Inequalities and Opportunities in Yonkers Round-Table

Condensed and edited by Katharine Reece MFA '12

In 1985, a federal court ruled that the City of Yonkers, New York, and the Yonkers public schools had intentionally segregated its housing and schools, based on race, for the previous 40 years.

Black and Hispanic children went to the same few schools because their families were forced to live in the same few neighborhoods. The facts were undeniable: The southwest quadrant of Yonkers contained almost all of the city’s public housing and 80 percent of its minority population. To force desegregation, the court placed steep fines on the city and ordered the development of public housing on the east side of Yonkers.

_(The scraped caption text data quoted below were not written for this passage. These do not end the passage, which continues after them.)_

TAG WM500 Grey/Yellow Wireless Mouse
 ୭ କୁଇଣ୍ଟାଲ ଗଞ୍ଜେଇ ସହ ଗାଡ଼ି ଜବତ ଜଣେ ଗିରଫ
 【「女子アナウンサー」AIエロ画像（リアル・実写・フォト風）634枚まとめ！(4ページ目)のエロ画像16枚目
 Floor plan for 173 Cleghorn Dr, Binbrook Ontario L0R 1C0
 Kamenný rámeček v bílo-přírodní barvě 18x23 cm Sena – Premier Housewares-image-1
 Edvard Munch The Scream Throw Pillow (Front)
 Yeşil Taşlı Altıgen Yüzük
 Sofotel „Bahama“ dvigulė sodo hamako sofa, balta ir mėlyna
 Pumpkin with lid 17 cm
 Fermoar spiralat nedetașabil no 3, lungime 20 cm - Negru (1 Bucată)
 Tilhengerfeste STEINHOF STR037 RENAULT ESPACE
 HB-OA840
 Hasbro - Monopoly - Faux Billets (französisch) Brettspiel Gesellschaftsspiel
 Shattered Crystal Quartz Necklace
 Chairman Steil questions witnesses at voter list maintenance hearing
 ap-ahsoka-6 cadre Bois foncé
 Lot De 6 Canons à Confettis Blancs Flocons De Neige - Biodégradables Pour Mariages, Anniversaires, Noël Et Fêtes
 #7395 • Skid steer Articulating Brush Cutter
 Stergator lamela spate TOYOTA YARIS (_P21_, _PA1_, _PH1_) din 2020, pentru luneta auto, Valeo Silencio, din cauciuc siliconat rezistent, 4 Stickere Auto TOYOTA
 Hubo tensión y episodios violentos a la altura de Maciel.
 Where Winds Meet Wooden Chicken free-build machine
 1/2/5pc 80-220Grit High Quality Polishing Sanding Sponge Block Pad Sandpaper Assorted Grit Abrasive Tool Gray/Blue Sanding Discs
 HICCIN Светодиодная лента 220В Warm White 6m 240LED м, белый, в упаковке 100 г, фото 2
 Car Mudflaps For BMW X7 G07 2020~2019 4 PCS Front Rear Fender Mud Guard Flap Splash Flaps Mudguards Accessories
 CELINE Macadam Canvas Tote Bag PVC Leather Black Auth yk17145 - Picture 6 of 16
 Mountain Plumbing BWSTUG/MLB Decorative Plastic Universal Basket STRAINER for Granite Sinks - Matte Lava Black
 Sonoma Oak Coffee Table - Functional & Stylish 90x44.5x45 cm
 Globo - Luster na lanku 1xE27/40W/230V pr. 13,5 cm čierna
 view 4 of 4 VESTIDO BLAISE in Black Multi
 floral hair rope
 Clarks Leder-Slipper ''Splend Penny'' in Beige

For Kim Ferguson (Psychology), Yonkers represents merely a microcosm of urban America’s struggles. To that end, in 2014, Ferguson helped launch a new interdisciplinary program called Intensive Semester in Yonkers. The fall semester’s theme was “Inequalities and Opportunities in Yonkers,” and students took three courses—in psychology, writing, and politics, taught by Ferguson, Marek Fuchs (Writing), and David Peritz (Politics)—and worked 15 hours a week in a community-based organization.

Ferguson’s course, “Integrating Theory, Research, Policy, and Practice,” introduced students to the methodologies of community-based work and research. Her class also helped start a literacy project at Westhab, a nonprofit that provides affordable housing and support services in Westchester County.

On December 5, Ferguson’s class met at the Sarah Lawrence College Center for the Urban River at Beczak, in downtown Yonkers, where the students discussed the methods of community-based work in general—such as how to use data to improve programs or procure funding, and how to present research to stakeholders—and how to evaluate their literacy program specifically.

“One of the biggest challenges,” Ferguson says, “is that you can contribute to people’s powerlessness if you enter a community and assume you know what they need.”

Under DiscussionUNDER DISCUSSION:

Lisa Belkin, Show Me a Hero (Little, Brown and Company, 1999); Karen Hacker, Community-Based Participatory Research (Sage, 2013); Randy Stoecker, Research Methods for Community Change: A Project-Based Approach (Sage, 2012)

Kim Ferguson: A lot of you, in your reflections, were identifying and having a hard time putting together the fact that everything we heard from the families was, “This is wonderful! We really loved it, it really worked, and we’d like to continue,” with your own discomfort and the challenges we all felt. It wasn’t nearly as participatory as we would [have liked]. … Any thoughts about that piece right now?

Jacob Ready ’15: A program that’s beneficial though maybe not perfectly participatory is better than no program at all.

Augusta Gribetz ’17: I also think that in terms of the evaluation … all of us represented the outside voice. … If the people coming in to do the lesson are also doing the evaluation, I think that’s problematic in and of itself. … All of us were standing in the background, and [the process of our evaluation] was an awkward dynamic in that sense. Some of us were taking notes, some of us were just sitting there—how could they say something negative?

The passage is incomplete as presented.